Test code should be very defensive.
After all, we're running test code because we want to make sure that an external system (the system under test) does what we expect. If we knew beyond the shadow of a doubt that it worked, then we wouldn't bother running the test. So, we're only running the test because we don't know with 100% confidence that it will work. And that's when we have to be defensive in our coding. We're already looking for things "that should never happen", so let's write our test programs so they can handle them.
Make sure you at least consider whether you might need:
- Asynchrony and/or timeouts. Does the system not returning mean your test will hang?
- Null checks. "That should never be null" is a lot easier to trace if you check when you first see it rather than waiting for it to blow up somewhere later in your code.
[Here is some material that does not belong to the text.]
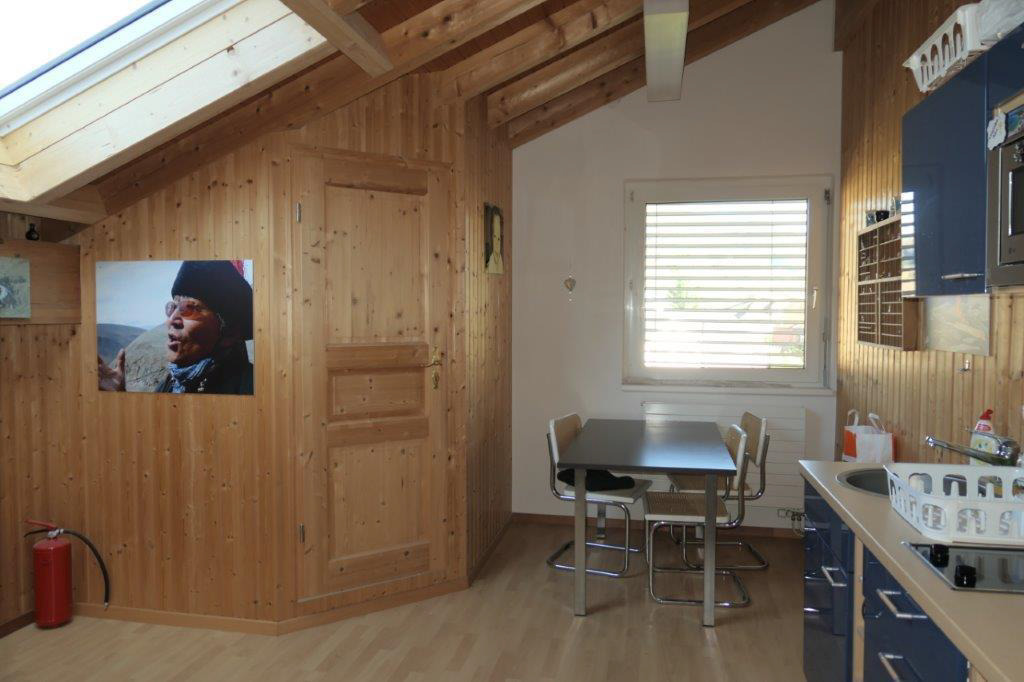 DG Büro mit Teeküche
- Try/catches. "The program should never throw an exception", key word "should"
- Results inspection. Just because the program returned something and didn't error doesn't mean that return matches what you thought.
Basically, your goal is to either produce a "pass" or a legible failure. Keep in mind that automated tests ted to (1) have a long life; and (2) be run mostly by people or systems other than the ones who wrote them. Just because you the test author knows what it means, that doesn't mean it'll be obvious to the QA engineer evaluating the output of the results a year from now (even if that QA engineer IS the test author!).
Keep your tests defensive, keep your error messages useful, and let your tests have a good long life.